# [Work item]
Leaving out the images, please reproduce each line below exactly.

# [Extracted information]
━━━

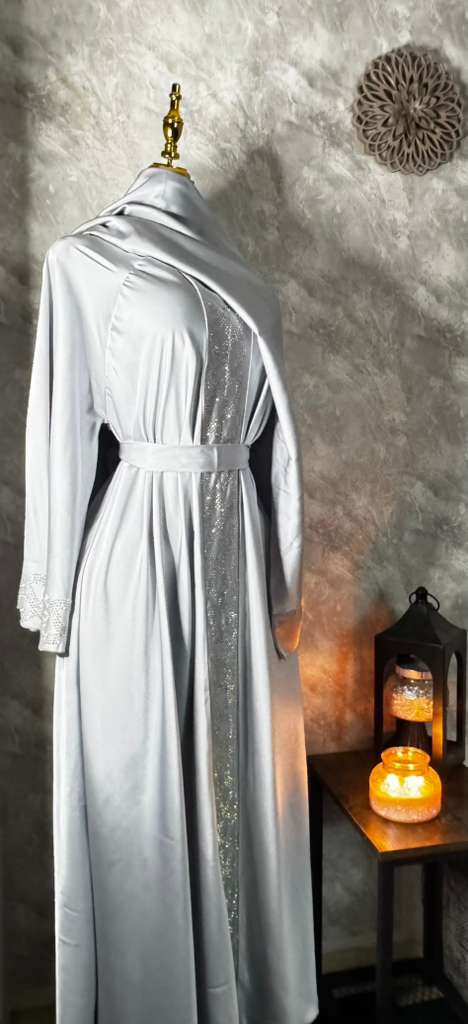 Amara Abaya - Look 5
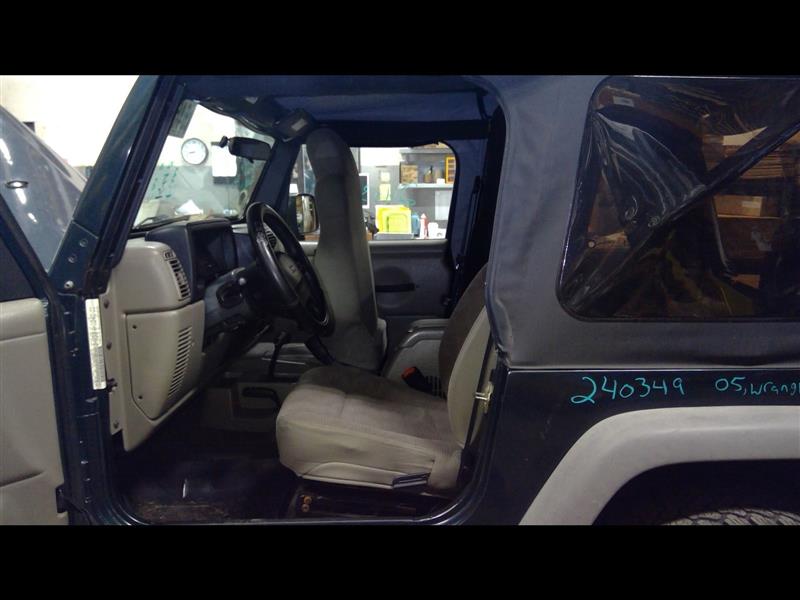 https://f005.backblazeb2.com/file/img-partshotlines-com/Inventory/NE175/Vehicle/33708_09.jpg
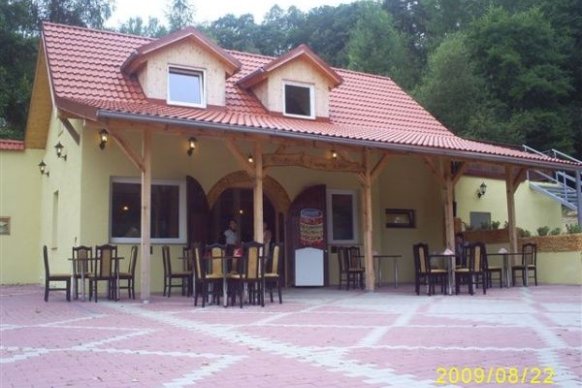 Restauracja Złoty Potok Resort - sale weselne Leśna 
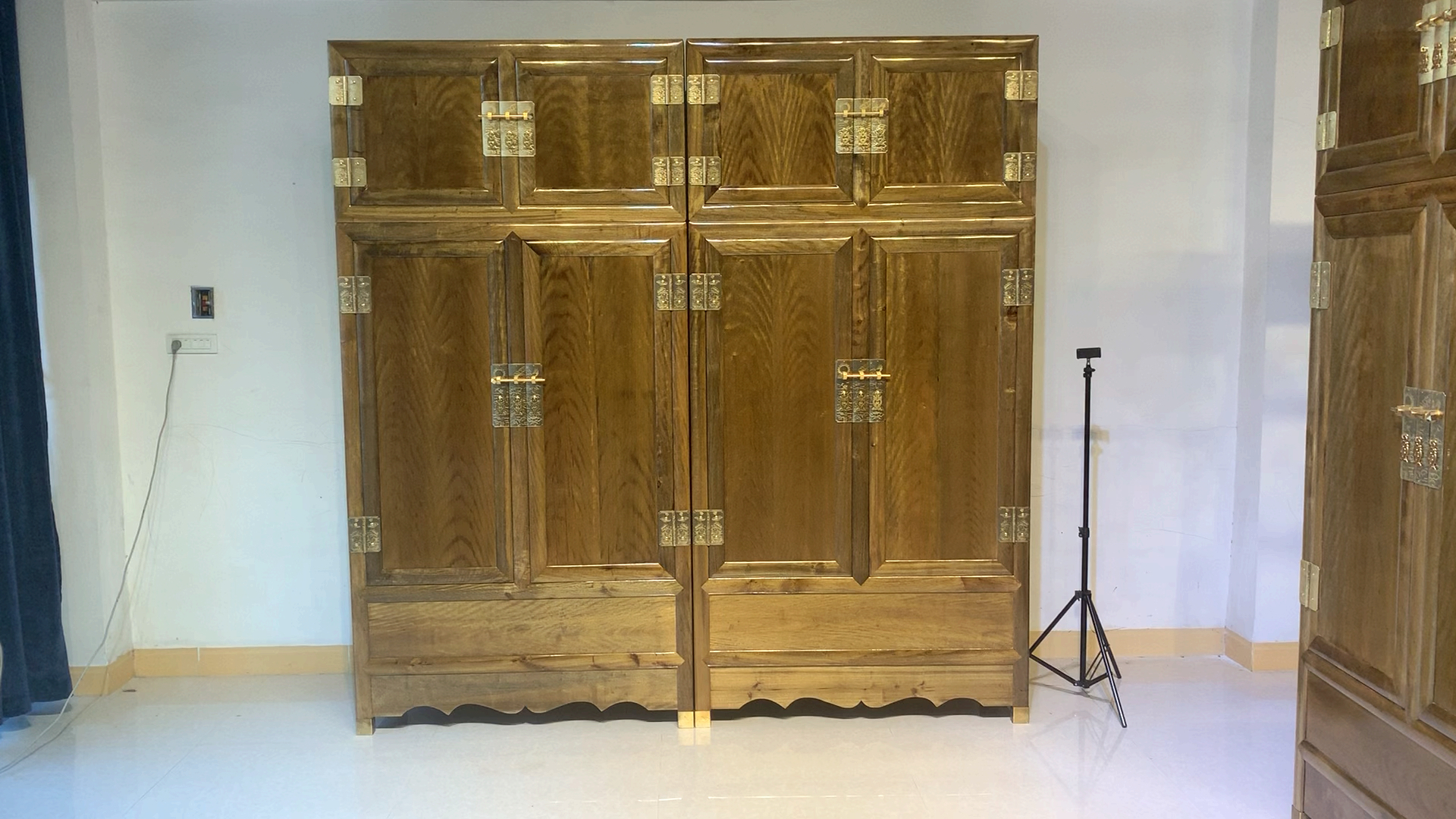 金丝楠木顶箱柜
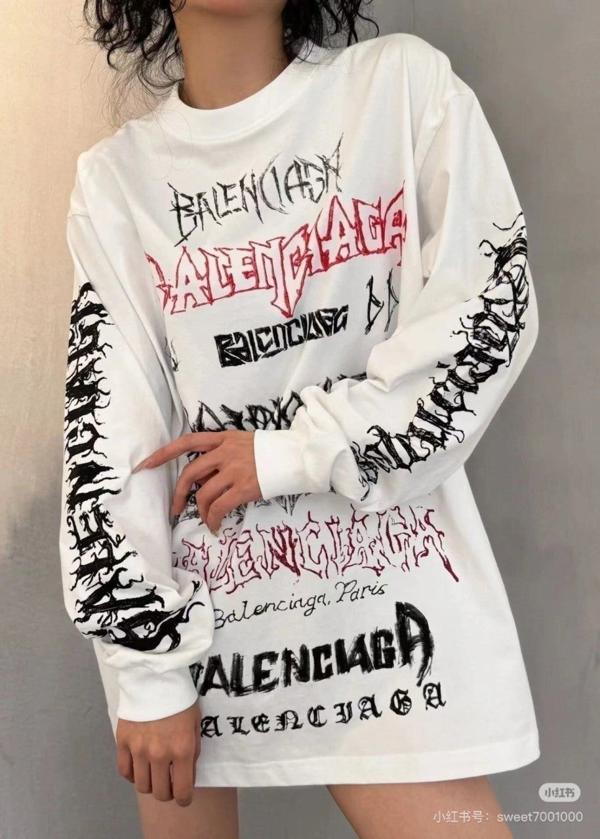 발**** 멀티그래피티 티셔츠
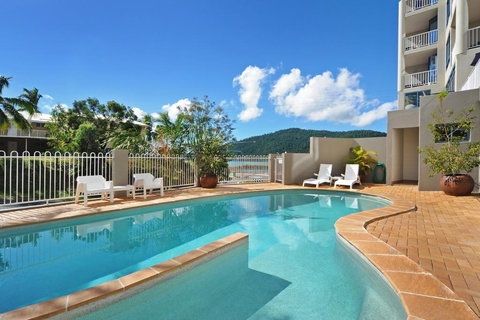 At Whitsunday Vista Holiday Apartments - Lennox Head Accommodation 2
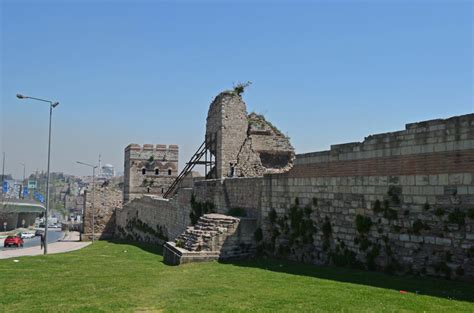 Roman Byzantine Walls In Constantinople Istanbul Greek City Times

━━━

# [The answer]
 Amara Abaya - Look 5
 https://f005.backblazeb2.com/file/img-partshotlines-com/Inventory/NE175/Vehicle/33708_09.jpg
 Restauracja Złoty Potok Resort - sale weselne Leśna 
 金丝楠木顶箱柜
 발**** 멀티그래피티 티셔츠
 At Whitsunday Vista Holiday Apartments - Lennox Head Accommodation 2
 Roman Byzantine Walls In Constantinople Istanbul Greek City Times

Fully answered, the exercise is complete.